The USO ETF’s command of the WTI crude market has taken a breathtaking drop in the last few months. Having held close to 100,000 WTI contracts at the end of February (amounting to nearly 20 per cent of the WTI market) it has now halved to some 50,000 contracts.
So where did all that money go?
Stephen Schork of the Schork Report highlights on Monday just how much the drop-off in the USO has coincided with the build up in the US Natural Gas Fund, another ETF belonging to the same group of funds. Note the following chart:
As Schork notes, nat gas fundamentals have hardly been bullish of late. Despite this, Nymex nat gas futures, which were at multi-year lows till recently, recorded a 21.5 per cent rise in the week.
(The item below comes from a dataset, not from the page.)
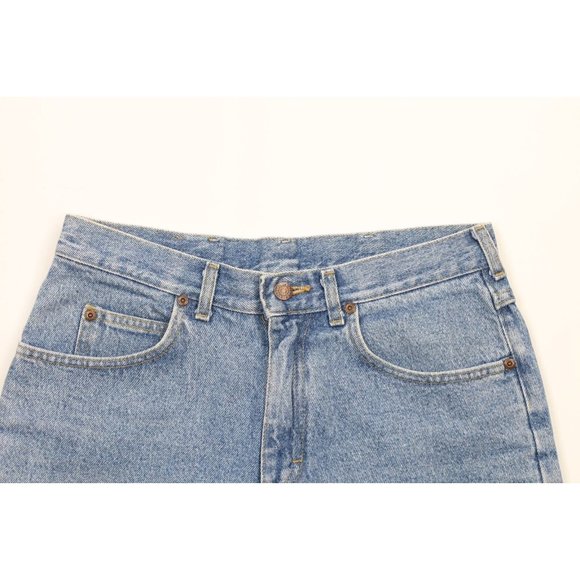 Vintage 90s Streetwear 32 Distressed Relaxed Fit Denim Jean Shorts Jorts USA - Picture 2 of 9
This, of course, will have had a lot to do with the accompanying rally in the oil futures. But, as Schork writes, the UNG fund may have contributed significantly in forging some sort of floor in the market, especially since the nat gas ascent is now leading the entire S&P GCSI complex higher month-to-date (not just the last week or so).
As Schork explains:
Since March the number of shares outstanding in the United States Natural Gas (UNG) exchanged-traded fund (ETF) have surged 260%, from 37,500 to 98,000. At the same time, interest in the equivalent crude oil ETF, the USO, has dropped 39%, from 157,800 at the end of February to 96,100. Thus, last week equal amounts of bets were being placed on both commodities, whereas two months ago passive investors in energy favored crude oil at a 4:1 margin.
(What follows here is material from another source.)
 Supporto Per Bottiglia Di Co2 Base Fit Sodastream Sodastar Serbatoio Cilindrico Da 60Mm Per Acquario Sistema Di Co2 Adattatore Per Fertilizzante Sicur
Just as was saw in February in the oil ETF, the flood of money into the UNG has undoubtedly helped to establish a floor in the NYMEX market — regardless of extant weak fundamentals — and is now propelling the market higher. To wit, with natty’s strong performance last week we imagine that will serve to attract even more funds into the UNG, et al.
All of which does make sense, as Schork goes on:
Given WTI’s push towards $60 (and beyond), natural gas — regardless of extant weak fundamentals — is cheap. So if you are a passive investor and you want to play the energy trade, then buying gas in our book makes a lot more sense then punting WTI.